An diesem Vormittag aber, am Tag vor der Invasion, als der deutsche Soldat in den Laden trat, war der Vater nicht da. Der Leutnant lächelte sie freundlich an, sie lächelte zurück, mit allem Charme und dem Wechsel zwischen Schüchternheit und Koketterie, zu dem selbstbewusste und noch unerfahrene, aber ahnungsvolle Mädchen fähig sind. Am Nachmittag hatte sie ihn in den Dünen in der Nähe seiner Geschützstellung auf und ab gehen sehen und war ihm dort wie zufällig entgegengegangen.
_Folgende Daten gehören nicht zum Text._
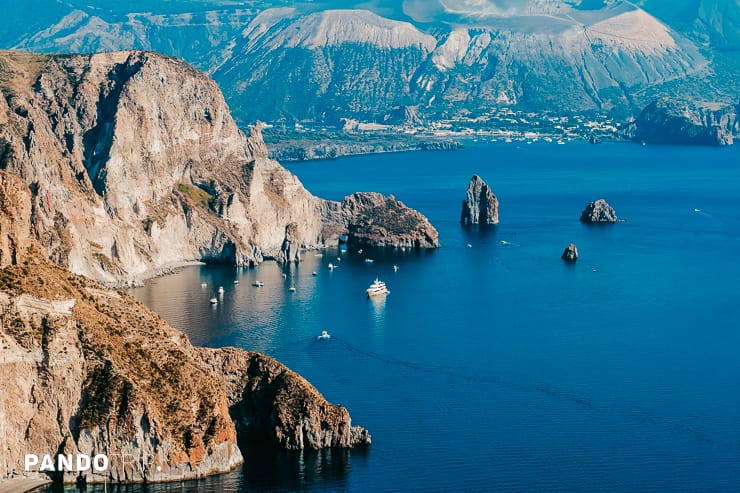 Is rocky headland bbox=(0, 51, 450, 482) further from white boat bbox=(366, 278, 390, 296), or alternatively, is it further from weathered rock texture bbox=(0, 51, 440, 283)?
white boat bbox=(366, 278, 390, 296)

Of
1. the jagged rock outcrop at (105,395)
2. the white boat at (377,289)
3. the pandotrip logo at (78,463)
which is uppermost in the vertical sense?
the jagged rock outcrop at (105,395)

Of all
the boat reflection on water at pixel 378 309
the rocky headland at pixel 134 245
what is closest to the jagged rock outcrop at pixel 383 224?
the rocky headland at pixel 134 245

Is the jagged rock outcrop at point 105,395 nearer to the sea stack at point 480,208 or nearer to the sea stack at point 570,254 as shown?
the sea stack at point 570,254

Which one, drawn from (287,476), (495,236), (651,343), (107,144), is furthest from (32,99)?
(287,476)

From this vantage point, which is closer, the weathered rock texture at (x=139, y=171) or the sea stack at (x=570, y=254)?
the weathered rock texture at (x=139, y=171)

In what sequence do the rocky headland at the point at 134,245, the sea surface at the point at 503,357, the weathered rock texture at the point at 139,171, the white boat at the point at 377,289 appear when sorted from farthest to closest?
1. the white boat at the point at 377,289
2. the weathered rock texture at the point at 139,171
3. the sea surface at the point at 503,357
4. the rocky headland at the point at 134,245

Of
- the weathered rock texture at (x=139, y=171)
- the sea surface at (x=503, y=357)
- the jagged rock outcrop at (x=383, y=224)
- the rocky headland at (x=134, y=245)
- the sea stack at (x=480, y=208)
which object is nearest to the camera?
the rocky headland at (x=134, y=245) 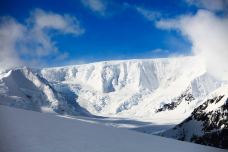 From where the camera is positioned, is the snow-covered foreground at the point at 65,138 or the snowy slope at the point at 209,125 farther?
the snowy slope at the point at 209,125

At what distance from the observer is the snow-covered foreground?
626 centimetres

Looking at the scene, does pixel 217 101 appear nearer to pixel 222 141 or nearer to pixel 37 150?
pixel 222 141

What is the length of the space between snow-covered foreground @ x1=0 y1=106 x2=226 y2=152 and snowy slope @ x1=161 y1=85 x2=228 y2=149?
324 ft

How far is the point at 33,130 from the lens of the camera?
23.6 ft

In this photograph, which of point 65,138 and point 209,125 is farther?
point 209,125

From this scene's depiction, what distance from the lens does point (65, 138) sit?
23.6 feet

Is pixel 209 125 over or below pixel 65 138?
over

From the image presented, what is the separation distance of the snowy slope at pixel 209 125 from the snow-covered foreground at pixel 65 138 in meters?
98.9

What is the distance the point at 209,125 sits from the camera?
125312 mm

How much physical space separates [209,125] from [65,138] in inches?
4822

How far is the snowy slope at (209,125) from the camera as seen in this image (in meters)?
115

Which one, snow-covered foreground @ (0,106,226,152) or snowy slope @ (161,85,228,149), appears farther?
snowy slope @ (161,85,228,149)

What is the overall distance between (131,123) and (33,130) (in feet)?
637

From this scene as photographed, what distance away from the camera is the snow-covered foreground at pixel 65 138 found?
626 cm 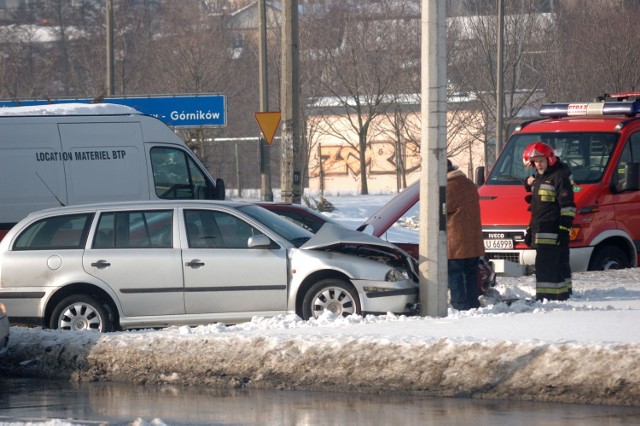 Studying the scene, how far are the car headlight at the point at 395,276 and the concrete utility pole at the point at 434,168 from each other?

Er hatte sie freundlich angesprochen, in diesem eigenartigen Französisch, das die Deutschen sprechen, und sie angelächelt.

Am nächsten Morgen kam der Invasionsdonner und sie sah ihn nie wieder.

Jetzt, wo sie den Pfad zum Strand herunterging, um den Amerikaner zu treffen, erinnerte sie sich an diese Szene wie an etwas aus einem anderen Leben.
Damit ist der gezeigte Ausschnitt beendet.